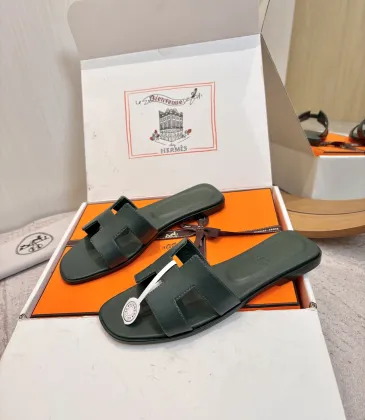 Hermes slippers Shoes for Women's Shoes #A61781 Hermes slippers Shoes for Women's Shoes #A61781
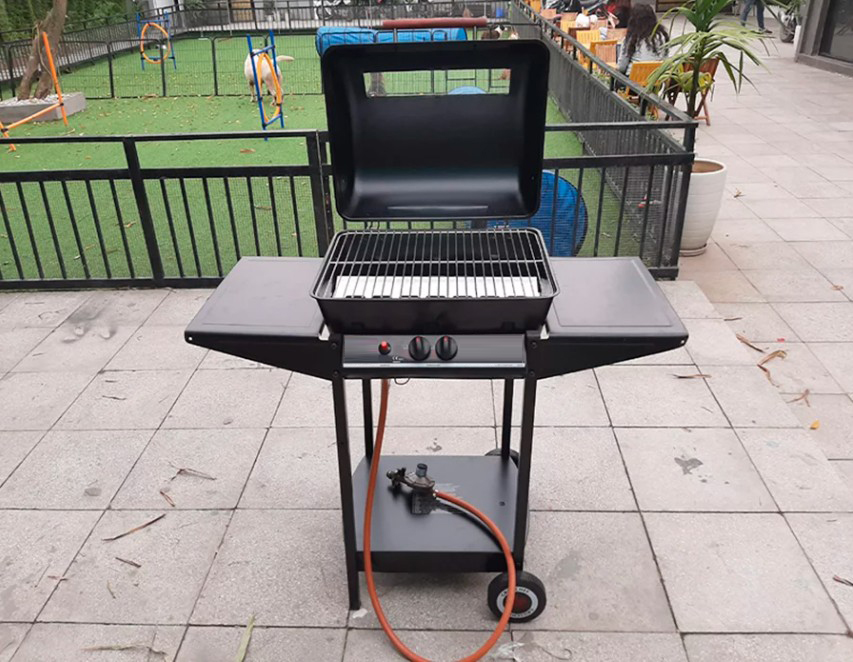 Bếp nướng bbq bằng gas 12375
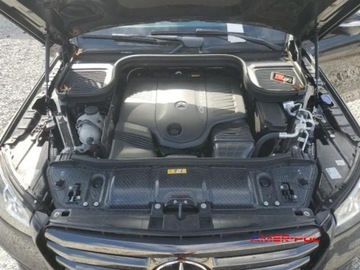 Mercedes GLS X167 2025 Mercedes-Benz GLS 2025 r., 3,0L 450 4MATIC 3.0 Benzyna 375KM, zdjęcie 11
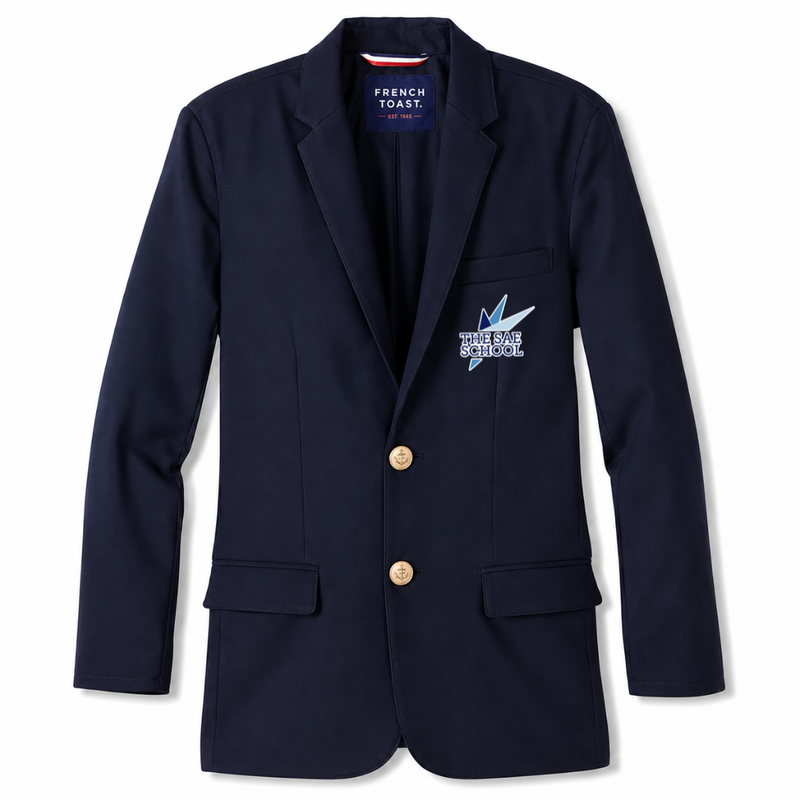 The SAE School - Boy's / Young Men's Classic School Blazer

□ □ □ □ □ □ □

# WHAT TO WORK ON
With the pictures set aside, write out the whole listing exactly.

# SOLUTION BELOW
 Hermes slippers Shoes for Women's Shoes #A61781 Hermes slippers Shoes for Women's Shoes #A61781
 Bếp nướng bbq bằng gas 12375
 Mercedes GLS X167 2025 Mercedes-Benz GLS 2025 r., 3,0L 450 4MATIC 3.0 Benzyna 375KM, zdjęcie 11
 The SAE School - Boy's / Young Men's Classic School Blazer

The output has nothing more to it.